81 yaşında ve yıllarını blues müziğine vermiş bir isim, Taj Mahal. 1968'de başladığı müzik hayatında, çocuk müziklerinden Karayipler, Hawai, Afrika müziklerini de içine alacak şekilde blues'un köklerine neredeyse akademik düzeyde inen sanatçı elektrik ve akustik blues üzerine albümler yaptı.
Asıl adı Henry St. Clair Fredericks olan sanatçı müziğe adım atarken kendisine Taj Mahal adını uygun bulacaktı. Bu seçim gerçekten de isabetli olmuş hani, zira her karşılaştığım Taj Mahal çalışmasında dünyanın 7 harikasından birini görmüşcesine şaşırırım. Bu sefer de öyle oldu, sanatçının yeni albümü "Savoy"u dinlemeye başladığımda evimin içi 1940 ya da 1940'lardan kalma bir dans salonuna dönüşüverecekti.
Albüme ismini veren "Savoy", 1930 ve 40'lı yılların Harlem'indeki bir Balo Salonu (yani müzikhol). Burada dönemin ünlü cazcıları da çıkıyormuş. İşte o gecelerden birinde Ella Fitzgerald sahnedeymiş ve Taj Mahal'in annesiyle babası orada tanışmışlar. Zaten albümün açılışında yer alan "Stompin' At The Savoy" parçasında bu tanışma olayını sinemaskop bir film tadında anlatıyor.
Swing ve Be-bop çağında büyüdüğünü söyleyen Taj Mahal, eskilerin big band etkisinde bizleri büyülü bir swing atmosferine sokuyor.

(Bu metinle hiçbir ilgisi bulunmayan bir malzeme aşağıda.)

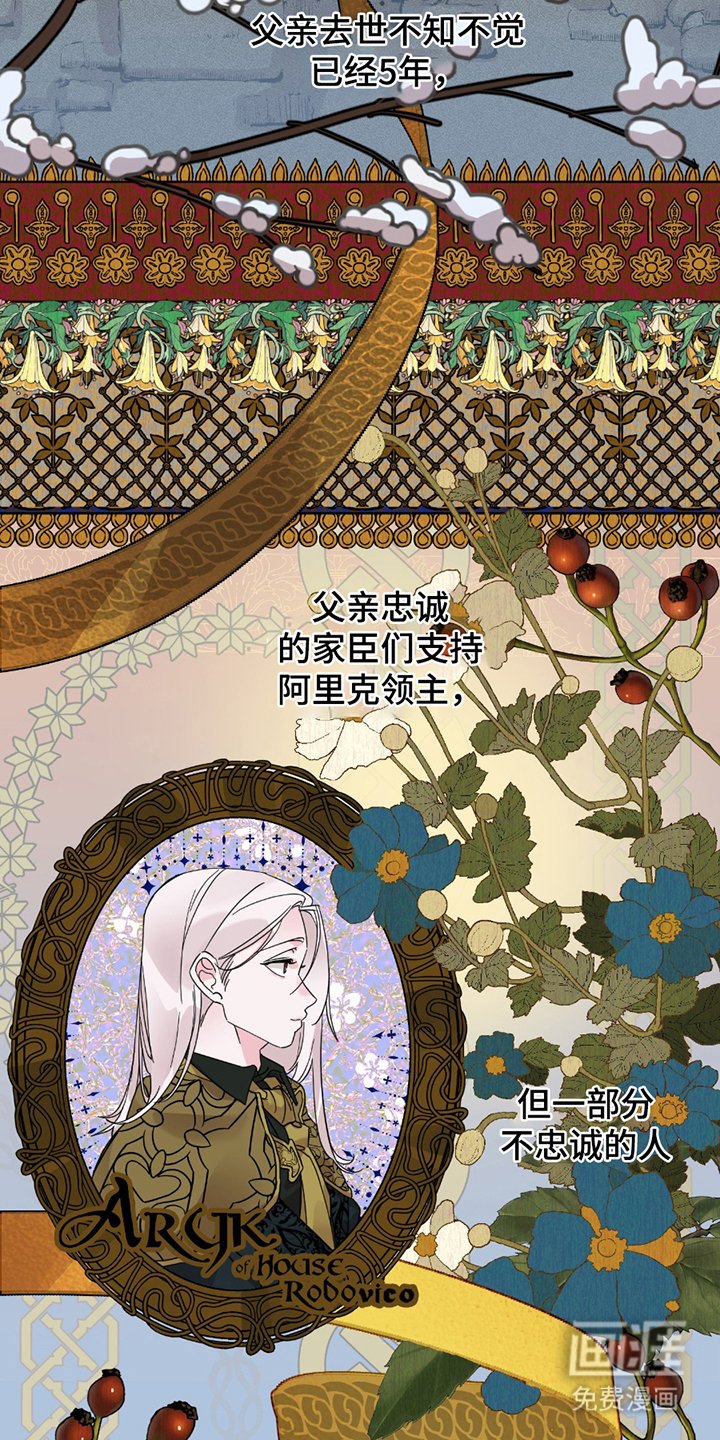 第1章：继承人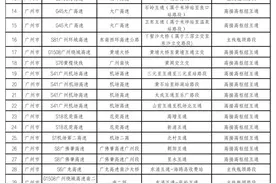 广东今日下午迎中秋国庆假期出程高峰！这十大高速路段易拥堵图片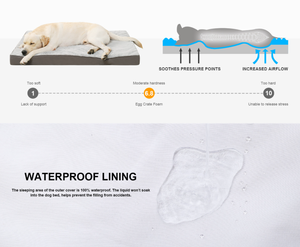 ऑर्थोपेडिक पालतू कुत्ते बिस्तर मेमोरी फोम भारी शुल्क अतिरिक्त बड़े बहु आकार लक्जरी xl xl पालतू कुत्ते के लिए सोफा बिस्तर - Product Image 4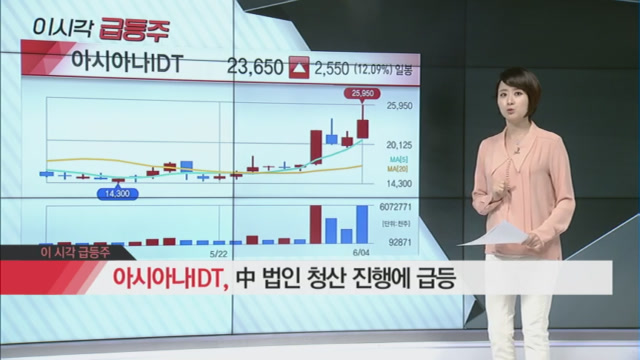 [급등주 따라잡기] 오늘 장 최영동의 이 종목! 글로벌텍스프리(204620)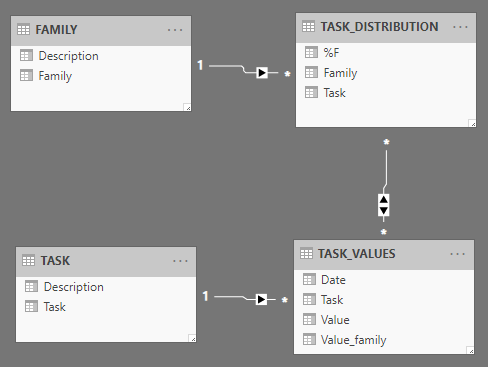 Solved: Calculated field and filtering - Microsoft Fabric Community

Savoy Ball Room, 1926'da açılmış ve 1958'e kadar faaliyet göstermiş. Taj Mahal de burada seslendirilen parçaları albüme katmış. Hem de ne katmak, öylesine bir zaman yolculuğuna gidiyorsunuz ki etkilenmemek imkansız. Bence kendinize bir iyilik yapın ve bir kulak verin.